This simplification preserves first-order directional behavior: how choices tend to move when incentives change, which options are preferred at the margin, and how trade-offs can be compared across attributes. Its admissibility rests on locality: linear choice models are defensible when decisions occur near a reference point, when variations are small, or when the analyst’s goal is comparative statics rather than psychological realism. When incentives cross thresholds, attributes interact strongly, or identity and framing effects dominate, the linearity assumption no longer approximates behavior well and must be relaxed or replaced.
Symmetry and Homogeneity
Under symmetry and homogeneity assumptions, individual choice is simplified by treating preferences, agents, and decision contexts as effectively uniform. Rather than representing the full diversity of tastes, cognitive processes, or situational influences, the model assumes that the same preference structure governs all relevant choices. Individual differences and contextual asymmetries are deliberately averaged out or ignored, reducing the decision problem to a single, representative form.

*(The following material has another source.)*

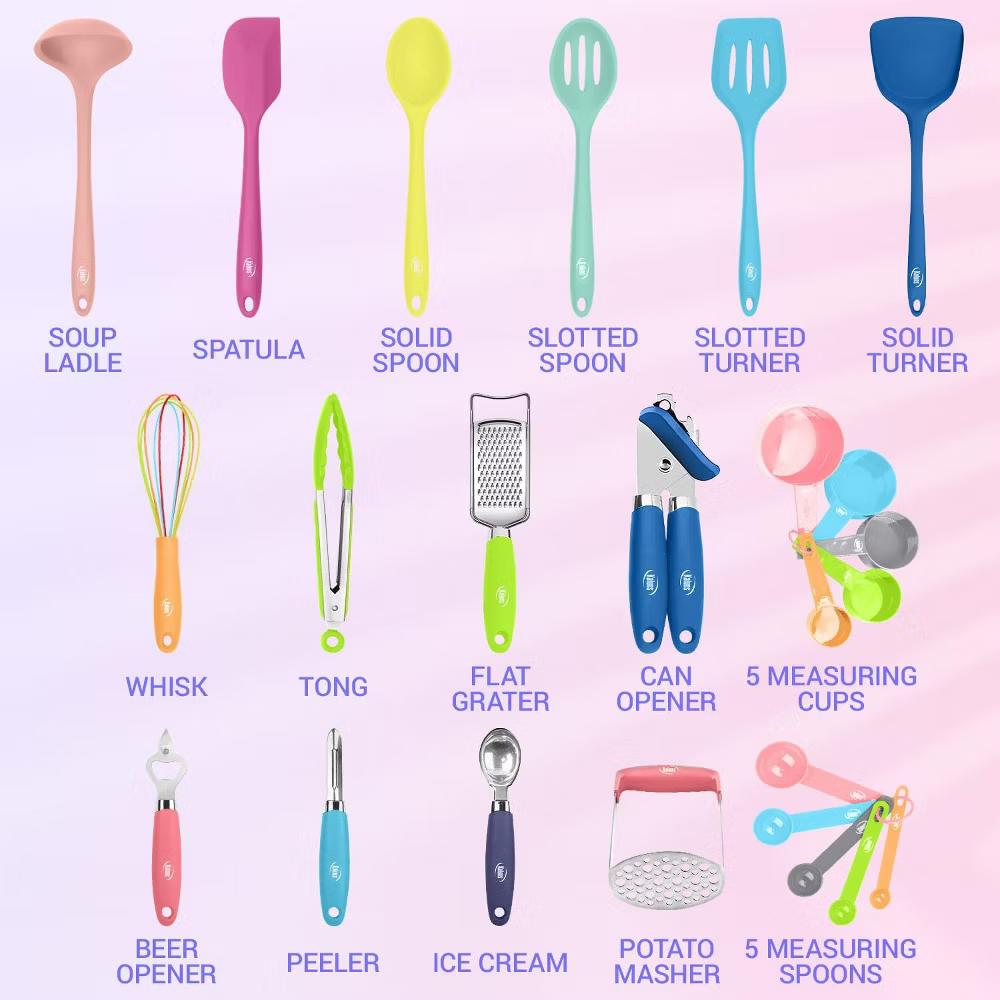 Kitchen Utensils Set, 24 Piece Silicone Cooking Utensils, Dishwasher Safe and Heat Resistant Kitchen Tools - Image 30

This abstraction preserves the essential mapping between incentives and choices—how attributes are evaluated and how options are ranked—while eliminating variation that would otherwise fragment the analysis. Its admissibility rests on the assumption that heterogeneity does not materially alter the conclusions being drawn. When identity, framing, learning, or differential sensitivity to incentives play a decisive role, symmetry-based choice models lose descriptive accuracy and can obscure the true drivers of behavior.
Aggregation and Representative Agents
When aggregation and representative-agent assumptions are applied to individual choice, decision-making is simplified by replacing a population of diverse decision-makers with a single averaged decision logic. Rather than modeling heterogeneity in preferences, cognition, or situational responsiveness, the choice framework assumes that one representative agent’s utility function captures the central tendency of the group. Variations across individuals, temporal fluctuations within agents, and differences in decision heuristics are deliberately ignored, allowing choice behavior to be analyzed as if it were generated by a stable, uniform decision-maker.
This abstraction preserves aggregate choice patterns—such as average option rankings or mean responses to incentives—while sacrificing detail about how those outcomes arise at the individual level. Its admissibility depends on whether heterogeneity is second-order relative to the analytical goal. When minority preferences, behavioral types, learning dynamics, or path dependence materially influence outcomes, representative-agent choice models obscure key mechanisms and can yield misleading conclusions.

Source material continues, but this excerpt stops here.